> [About this task]:
Your answer should be the entries, repeated exactly.

(Saved entries)
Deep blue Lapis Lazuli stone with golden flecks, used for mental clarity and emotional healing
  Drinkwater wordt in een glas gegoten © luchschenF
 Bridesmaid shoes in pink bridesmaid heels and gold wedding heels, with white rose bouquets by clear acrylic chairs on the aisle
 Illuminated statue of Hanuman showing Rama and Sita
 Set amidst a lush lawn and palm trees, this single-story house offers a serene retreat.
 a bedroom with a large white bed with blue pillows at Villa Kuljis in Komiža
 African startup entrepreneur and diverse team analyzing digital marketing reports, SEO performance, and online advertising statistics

> [Exercise result]:
Deep blue Lapis Lazuli stone with golden flecks, used for mental clarity and emotional healing
  Drinkwater wordt in een glas gegoten © luchschenF
 Bridesmaid shoes in pink bridesmaid heels and gold wedding heels, with white rose bouquets by clear acrylic chairs on the aisle
 Illuminated statue of Hanuman showing Rama and Sita
 Set amidst a lush lawn and palm trees, this single-story house offers a serene retreat.
 a bedroom with a large white bed with blue pillows at Villa Kuljis in Komiža
 African startup entrepreneur and diverse team analyzing digital marketing reports, SEO performance, and online advertising statistics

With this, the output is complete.